|dee_burris (dee_burris) wrote,|
@ 2011-08-09 05:36 pm UTC
|Entry tags:||fallstrom, historic records, honolulu, rian, rollins, st louis co mn|
My brother-in-law has told me a few of those stories about his family as I have searched his family history.
One of them involved his paternal grandmother, Anna Marie Rian.
Anna Marie Rian was the daughter of Niels Rian and Maria Leontina Fallstrom, immigrants from Norway and Sweden.
She married John Hooper Rollins in January 1920 in Buhl, St. Louis Co., MN.
The way the family story went, Anna Marie had stowed away on a commercial passenger ship with one of her girlfriends.
This one wasn't far off, except there was no girlfriend aboard ship with her, although she had some help from friends.
I found this clipping today from the Duluth News Tribune, 17 Jul 1919.
HOMESICK BUHL TEACHER BECOMES STOWAWAY, WINS
Growing weary of Honolulu, Miss Anna Rian Decides to Return to States
Buhl, July 16 - American pluck with an equal amount of Yankee determination resulted in the return to Buhl of Miss Anna Rian, daughter of a prominent local merchant who shipped as a stowaway on an ocean liner to get away from Honolulu, where she had been teaching school.
The story which came to light today is this. Miss Rian, two weeks before the close of her school term, heard the call of "home." A steamer was sailing within a few days for the states and to miss passage on that boat would mean the plucky little school teacher would have to remain several weeks longer. School teacher friends of the Buhl girl arranged to finish out her contract for her and allow her to leave.
Another obstacle presented itself, however. Miss Rian was under contract and the Honolulu school authorities stated she would not be permitted to depart. The American get-there-spirit asserted itself.
Miss Rian managed to get on the boat as a stowaway and she was soon on the ocean sailing for home shores. Three hundred miles out the captain of the ship discovered the young woman and advised her that a mail boat sailing for Honolulu would pass them and she would be placed aboard and sent back.
Luckily fate helped the Buhl girl and the mail ship delayed by a storm did not pass the ship until it was close to San Francisco.
In the meantime passengers had interested themselves in behalf of the young woman. "We will send you back," the captain stated to her one morning as he neared Frisco's shores.

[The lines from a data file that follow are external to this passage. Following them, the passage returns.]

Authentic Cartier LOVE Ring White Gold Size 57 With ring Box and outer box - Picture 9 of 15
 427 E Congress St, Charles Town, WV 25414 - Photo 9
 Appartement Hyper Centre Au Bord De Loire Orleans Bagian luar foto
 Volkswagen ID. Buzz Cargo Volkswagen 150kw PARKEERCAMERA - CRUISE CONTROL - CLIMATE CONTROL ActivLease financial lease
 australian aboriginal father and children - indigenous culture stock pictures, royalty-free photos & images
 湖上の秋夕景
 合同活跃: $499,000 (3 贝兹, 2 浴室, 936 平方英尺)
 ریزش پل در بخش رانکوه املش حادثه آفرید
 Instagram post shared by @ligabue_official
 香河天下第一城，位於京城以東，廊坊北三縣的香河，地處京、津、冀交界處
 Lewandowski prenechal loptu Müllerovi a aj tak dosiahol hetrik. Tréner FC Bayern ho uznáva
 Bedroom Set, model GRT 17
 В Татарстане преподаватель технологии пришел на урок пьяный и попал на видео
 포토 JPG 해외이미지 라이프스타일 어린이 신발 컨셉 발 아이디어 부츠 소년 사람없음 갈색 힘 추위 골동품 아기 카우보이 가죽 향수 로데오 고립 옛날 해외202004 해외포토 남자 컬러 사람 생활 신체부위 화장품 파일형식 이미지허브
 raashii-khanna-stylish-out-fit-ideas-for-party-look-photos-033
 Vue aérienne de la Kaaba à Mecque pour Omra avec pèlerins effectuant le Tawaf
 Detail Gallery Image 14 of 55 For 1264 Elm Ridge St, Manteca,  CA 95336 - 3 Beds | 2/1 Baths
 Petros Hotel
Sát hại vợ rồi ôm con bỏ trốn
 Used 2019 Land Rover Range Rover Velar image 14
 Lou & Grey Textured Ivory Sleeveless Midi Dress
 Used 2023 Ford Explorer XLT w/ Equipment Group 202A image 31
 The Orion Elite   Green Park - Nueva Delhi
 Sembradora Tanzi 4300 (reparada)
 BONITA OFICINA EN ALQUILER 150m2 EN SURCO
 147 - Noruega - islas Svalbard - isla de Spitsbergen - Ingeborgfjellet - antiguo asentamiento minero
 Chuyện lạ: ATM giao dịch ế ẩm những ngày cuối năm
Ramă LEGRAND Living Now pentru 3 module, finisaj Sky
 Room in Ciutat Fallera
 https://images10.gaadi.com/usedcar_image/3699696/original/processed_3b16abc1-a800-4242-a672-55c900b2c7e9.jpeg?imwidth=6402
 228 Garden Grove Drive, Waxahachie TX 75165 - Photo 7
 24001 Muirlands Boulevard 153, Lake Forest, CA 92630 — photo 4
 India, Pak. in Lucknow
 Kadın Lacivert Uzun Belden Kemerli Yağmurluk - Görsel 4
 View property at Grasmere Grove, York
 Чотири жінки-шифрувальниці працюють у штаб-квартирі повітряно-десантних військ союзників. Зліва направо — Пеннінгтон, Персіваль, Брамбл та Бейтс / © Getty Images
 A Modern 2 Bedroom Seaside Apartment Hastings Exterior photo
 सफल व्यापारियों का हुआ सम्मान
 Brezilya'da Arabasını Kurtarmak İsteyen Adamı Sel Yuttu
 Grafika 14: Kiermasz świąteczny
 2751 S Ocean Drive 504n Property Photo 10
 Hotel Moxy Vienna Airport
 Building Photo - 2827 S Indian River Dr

"I don't care now, I can swim that distance," she is said to have replied. The captain later congratulated her. Miss Rian says the experience was worth the effort as it brought her home several weeks ahead of time.
Then, another article in the same newspaper, dated 30 Jul 1919.
PACIFIC OCEAN TRAVEL IS HEAVY, BUHL TEACHER SAYS
BUHL, July 29 - The transfer of the large Pacific Ocean steamers to the Atlantic ocean during the war is causing much hardship for persons in Honolulu who want to come to the United States, Miss Anna M. Rian says. She returned from Honolulu where she taught school recently.
"Hundreds are waiting at Honolulu for passage to the United States and all the steamers have been booked up until November," Miss Rian says. The recent articles which stated that she was a stowaway on a Pacific ocean steamer have been exaggerated, she said.
"When my school closed, I wanted to come home," Miss Rian said today. "It was a question of weeks of waiting, or getting aboard a steamer without a ticket. I chose the latter course, but about an hour after the steamer had left the harbor, I paid the purser for my passage and was listed as a passenger."